**INSTRUCTIONS TO FOLLOW:** From the first line to the last, retype the records exactly and skip the pictures.

(Beginning of EXERCISE DATA)

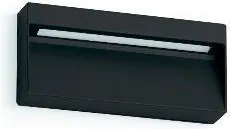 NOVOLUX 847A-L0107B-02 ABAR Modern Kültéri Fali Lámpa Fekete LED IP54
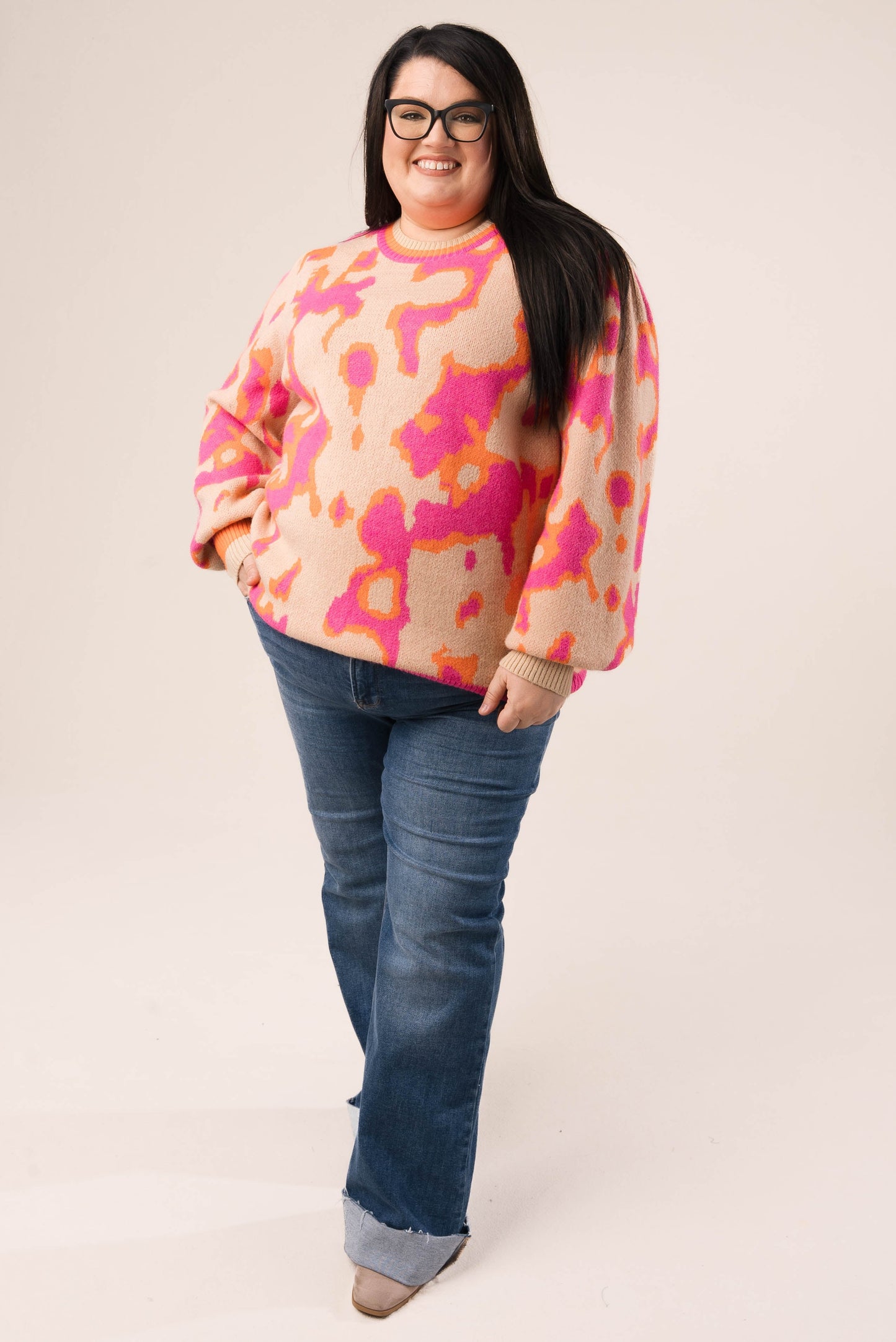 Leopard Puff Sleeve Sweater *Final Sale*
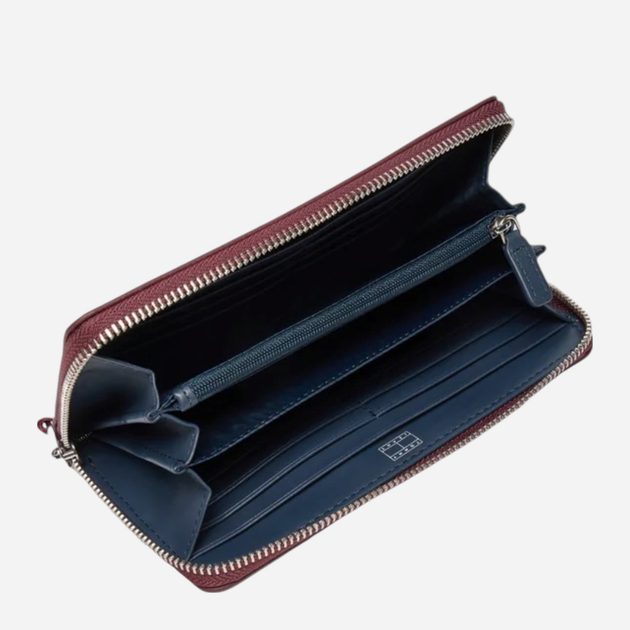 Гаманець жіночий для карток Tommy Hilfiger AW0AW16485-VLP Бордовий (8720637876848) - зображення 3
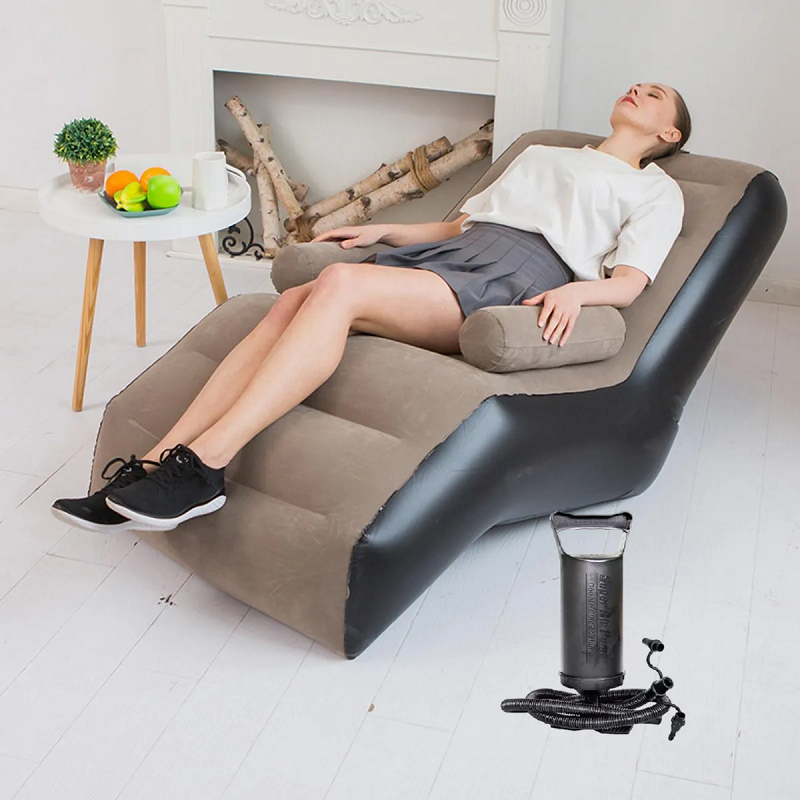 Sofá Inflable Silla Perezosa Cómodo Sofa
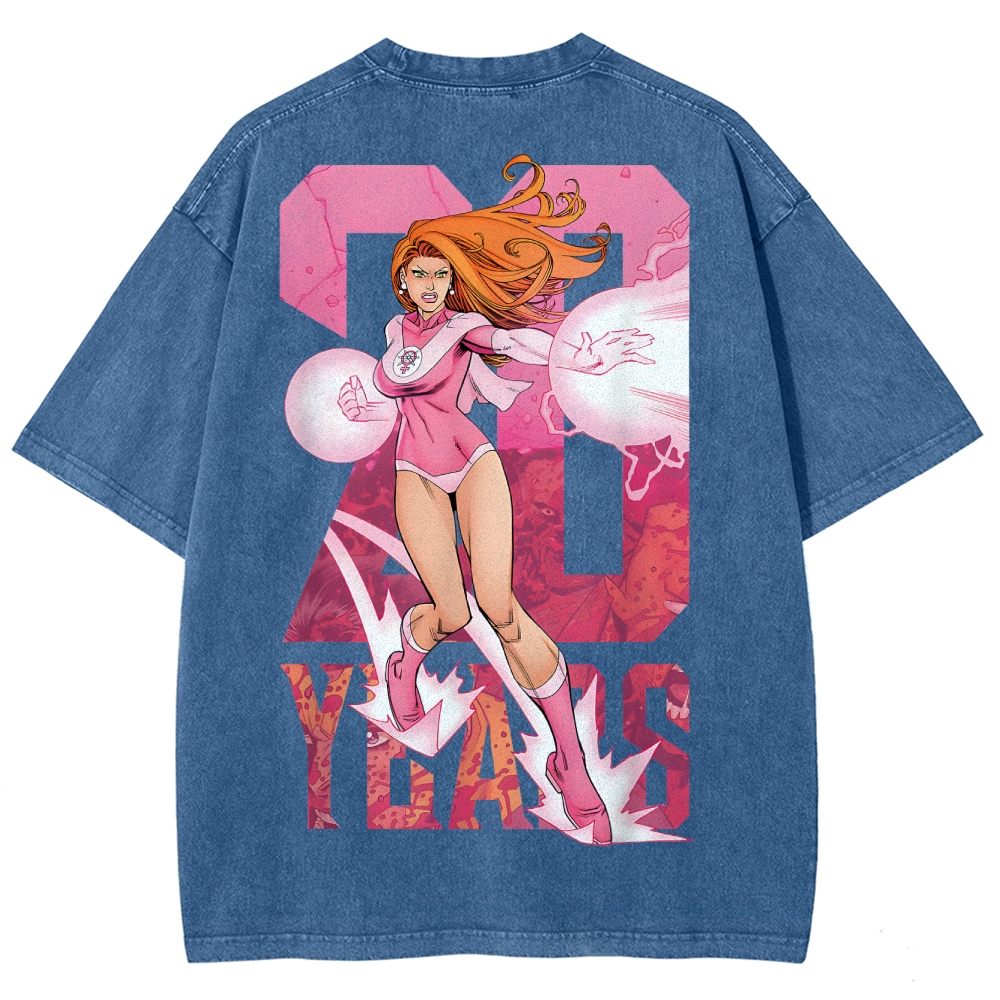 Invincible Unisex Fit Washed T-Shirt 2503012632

(End of EXERCISE DATA)

**RESPONSE FOR THIS EXERCISE:**
 NOVOLUX 847A-L0107B-02 ABAR Modern Kültéri Fali Lámpa Fekete LED IP54
 Leopard Puff Sleeve Sweater *Final Sale*
 Гаманець жіночий для карток Tommy Hilfiger AW0AW16485-VLP Бордовий (8720637876848) - зображення 3
 Sofá Inflable Silla Perezosa Cómodo Sofa
 Invincible Unisex Fit Washed T-Shirt 2503012632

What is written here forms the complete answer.